I’ve always been intrigued when I see the “like new” books on Amazon selling for as low as .01. The other day I was in Borders and saw that the mass market paperbacks for Neal Stephenson’s Vol. 1 and 2 of the Baroque Cycle (Quicksilver and Confusion) were out. Each volume sells for US$8. I wanted the larger trade paperback versions, but they sell for $16 each. When I saw them on Amazon, being sold by a third-party vendor, for .01 each, I decided to take a chance. Of course, the shipping is US$3.49 each, so it was $7 for the two books. They arrived yesterday and are in near perfect condition (except for a remainder mark on the bottom). This large paperback edition is really nice. 1,776 pages of Stephenson for seven bucks. Steal of a deal.

Did you know that he hand-wrote these massive and dizzyingly complex historical novels with a freakin’ fountain pen on cotton paper? Gawd I hate a show-off.

Amazing Gallery of Homebrewed Headphone Amps

If you’re a fan of creative electronics and mint tins and other cans used as project boxes, you’ve gotta take a gander at this Korean fella’s gallery of headphone amps and other DIY projects. Really cool and creative stuff. Builders will especially want to check out some of his neat and tiddy freeform circuits and some of his homemade tools and diagnostic and helper circuits. Here’s one more nifty pic from the site, a set of speakers housed in water jugs.

Universal External Hard Drive Adapter

Now this is a cool bit o’ kit: it’s a universal external hard drive adapter for connecting IDE and SATA HDs to your system via USB2.0, without the need for an enclosure. I have a bunch of old drives from spent PCs that I would love to have periodic access to their content. Works with 2.5, 3.5, 5.25 IDE and SATA drives. And at US$30 retail, the price is right.

[Via OhGizmo!]

Umbrella with a Future; Design With a Past

The good folks over at Treehugger have teamed up with I.D. magazine to create an innovative two-fold design competition called Umbrella Inside Out, subtitled: An Umbrella with a Future (that’d be competition no. 1) and Design with a Past (you guessed it: no. 2).

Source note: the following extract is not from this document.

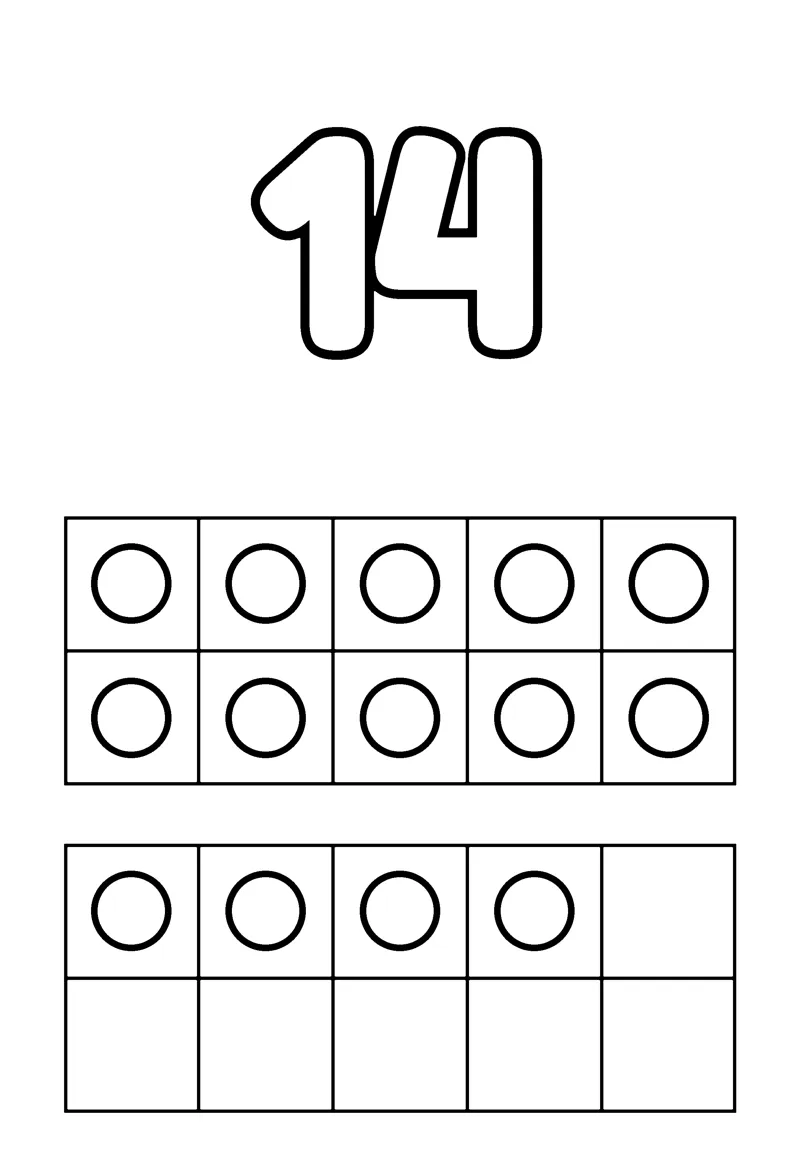 Number 14 coloring page preview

As you may have noticed, umbrellas don’t tend to last very long. Millions of them end up in landfills (some 33 million are sold every year). The first competition is for an umbrella design that meets the new standards of a “cradle to cradle” (C2C) product lifecycle, which basically means something that can naturally decompose, or something that can be “upcycled” into something else useful (you can read more about C2C here). The second contest is to find creative uses for the umbrella trash we’re already stuck with. Personally, I vote for more of these mini-skirts made out of umbrella vinyl. That seems like a perfectly fine and noble way of breathing new life into dead Totes.